10. Apparatus according to claim 9, wherein said entrance slot is disposed on an openable cover of the drawer and wherein the drive means include a pair of rollers which are rotatable in opposite senses, one of the rollers being displaceable with respect to the other parallel to itself.
11. Apparatus according to claim 9, wherein the rollers are driven by said electric motor are driven by an electric motor via a series of constantly meshing gears, the displaceable roller being mounted on a lever coaxial with a gear of the said series engaged by another gear rigidly connected to the roller.
12. Apparatus according to claim 9, characterised in that the locking mechanism includes a roller locking element which is normally inactivated by a hook located in the drawer, release means being disposed in the housing for operating the hook in such a way as to cause locking of the locking element during withdrawal movement of the drawer.

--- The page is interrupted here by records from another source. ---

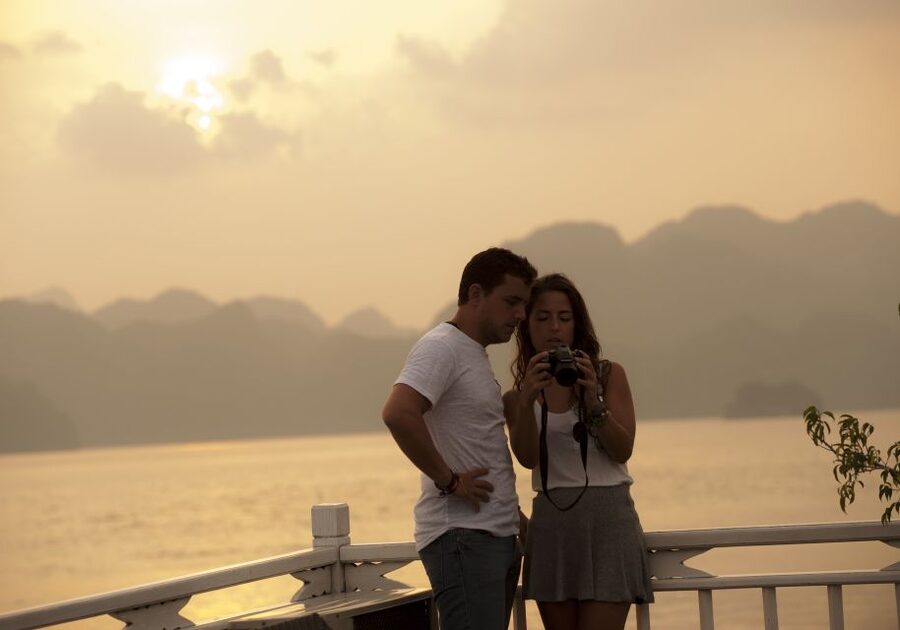 From Hanoi: Halong Explorer 3-Day Deluxe Cruise - Day three: Sung Sot Cave and the return cruise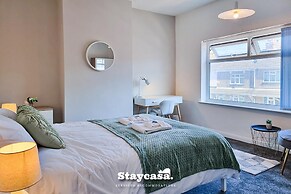 White Cozy House With Pool Table Game Room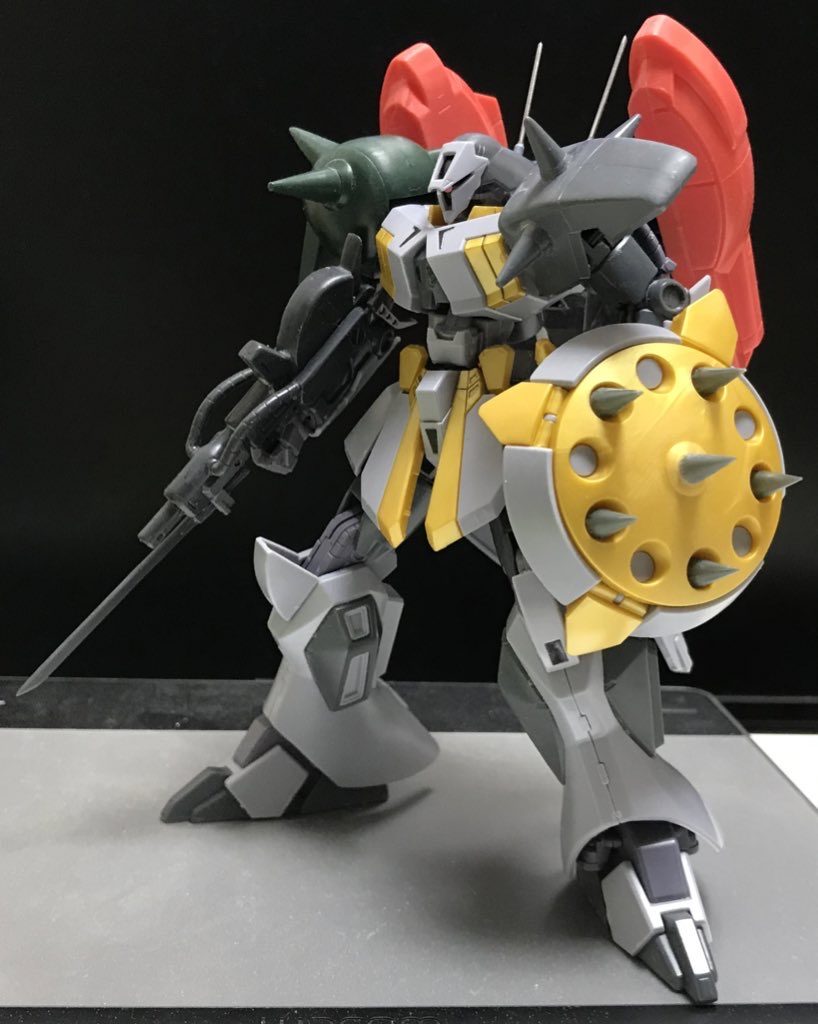 塗装前の状態。R・ギャギャはそこそこ新しい方のキットでしたが、改造に使ったパーツは古いキットパーツが多かったので合わせ目消しとか大変でしたね〜。改造自体は数ヶ月前に出来ていたのですが他のキットをつついたり仕事が忙しかったりでだいぶ完成が遅れた機体になりましたがちゃんと完成させてあげられてホッとしてます^_^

13. Apparatus according to claim 12, characterised in that the locking element can be manually re-engaged on the hook after having opened the cover by means of a lock the release means being inoperable on the hook during the re-insertion movement of the drawer.
The present invention relates to apparatus for the deposition of valuables in envelopes, with automatic envelope dispensing, in which the envelopes to be deposited are inserted into a slot of the apparatus and are conveyed to an internal drawer of the apparatus.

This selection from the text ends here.